Debajo, encontró un tomo gigantesco. Fue hasta el atril sobre el que
descansaba su Biblia abierta y la puso en el suelo. Llevó el pesado libro hasta el
atril y lo abrió al azar en una hoja que parecía haber sido consultada con
frecuencia. Estaba escrito en latín, pero trataba sobre hermética. «¿Serán recetas
para procedimientos alquímicos?», se preguntó.
Volvió al arcón y cogió una bolsa de muselina que despedía una fragancia
deliciosa y exótica. Aflojó el cordel que la ceñía y espió a ver qué había dentro.
¡Bolsas de muselina más pequeñas! Cada una de ellas debía de contener una
especia diferente, y todas remitían, sin lugar a dudas, a Oriente.
Descubrió que había más libros. Algunos estaban escritos en hebreo: un
idioma que desconocía. Encontró también un pergamino en un estuche de piel
que parecía extremadamente antiguo. Lo desenrolló con suma delicadeza, y vio
que era nada más y nada menos que ¡Antígona! Blanca no estaba segura, pensó
que quizá… pero no, no era posible. ¿Acaso sería aquélla una copia original del
propio autor?
Hizo una súbita pausa en su saqueo del arcón. La mera idea de llegar al final
de todo aquello le resultaba insoportable. Sin embargo, vio que, al fondo, había
algo distinto.
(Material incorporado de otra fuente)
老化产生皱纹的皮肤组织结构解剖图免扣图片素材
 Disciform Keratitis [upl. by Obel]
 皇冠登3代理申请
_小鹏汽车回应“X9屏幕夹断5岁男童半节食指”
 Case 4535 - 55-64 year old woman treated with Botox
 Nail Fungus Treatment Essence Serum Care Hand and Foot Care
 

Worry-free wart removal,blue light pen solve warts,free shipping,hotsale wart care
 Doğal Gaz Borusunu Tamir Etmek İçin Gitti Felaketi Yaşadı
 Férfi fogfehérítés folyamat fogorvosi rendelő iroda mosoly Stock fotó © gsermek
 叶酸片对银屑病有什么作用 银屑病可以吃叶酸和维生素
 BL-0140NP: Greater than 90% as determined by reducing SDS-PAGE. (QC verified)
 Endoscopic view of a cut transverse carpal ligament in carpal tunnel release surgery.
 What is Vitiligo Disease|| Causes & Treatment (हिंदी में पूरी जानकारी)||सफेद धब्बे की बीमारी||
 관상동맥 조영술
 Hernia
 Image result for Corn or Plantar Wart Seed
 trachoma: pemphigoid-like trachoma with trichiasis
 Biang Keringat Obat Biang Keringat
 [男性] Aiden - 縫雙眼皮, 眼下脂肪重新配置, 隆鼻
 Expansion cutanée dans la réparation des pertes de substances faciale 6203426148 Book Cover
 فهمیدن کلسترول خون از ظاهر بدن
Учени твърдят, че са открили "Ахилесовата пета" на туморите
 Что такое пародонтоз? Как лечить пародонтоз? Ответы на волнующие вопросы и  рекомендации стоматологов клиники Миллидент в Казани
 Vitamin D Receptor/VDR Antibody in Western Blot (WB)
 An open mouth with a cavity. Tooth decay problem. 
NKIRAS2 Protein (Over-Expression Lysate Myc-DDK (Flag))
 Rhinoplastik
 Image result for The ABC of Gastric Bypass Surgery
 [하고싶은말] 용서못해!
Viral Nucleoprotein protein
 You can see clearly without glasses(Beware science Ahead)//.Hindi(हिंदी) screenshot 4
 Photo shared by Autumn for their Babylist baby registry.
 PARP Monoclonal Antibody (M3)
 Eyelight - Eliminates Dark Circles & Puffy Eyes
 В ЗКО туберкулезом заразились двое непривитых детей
Un cuaderno, grande y chato. Su cubierta no anticipaba lo que
contenía. Lo apoyó sobre el cubrecama de armiño que recubría su lecho.
Lo abrió en la primera hoja y se quedó atónita. Había esbozos de un artilugio
cuadrado con líneas que emanaban de él. El resto de la página estaba repleto de
leyendas prácticamente ilegibles. Se acercó al dibujo, observó mejor y lo
comprendió: el texto estaba escrito de derecha a izquierda.
Blanca dio vuelta la página y encontró una composición de ocho rectángulos
interconectados sobre los que se reflejaba la luz de una ventana cercana. En otra
hoja, volvió a ver el artilugio cuadrado de antes. Junto a aquel segundo dibujo,
sin embargo, se veía claramente la brillante reproducción de un hombre desnudo,
tendido sobre una mesa, con las manos entrelazadas sobre la pelvis. «¡Dios mío!
—pensó—. ¡Bendita sea Isis!».
A pesar de su desesperación por ver todo lo que contenía aquel cuaderno, se
sorprendió pasando las páginas con sumo cuidado. Poco después, ya no le cabía
ninguna duda: se trataba del sudario de Leonardo. El cuaderno describía el fruto
de la conspiración de la que ella había formado parte. ¿Acaso había sido el
Maestro quién le había enviado aquella caja atiborrada de tesoros?
Corrió al arcón una vez más. Sobre la pila de libros que quedaba, encontró
una carta escrita en un pergamino plegado y sellado con cera roja. Cogió la carta
y la sostuvo contra su pecho. Entonces recorrió a paso lento la distancia que la
separaba de la ventana, como una novia que se encamina al altar, rompió el sello
y, bajo la fría luz invernal, comenzó a leer.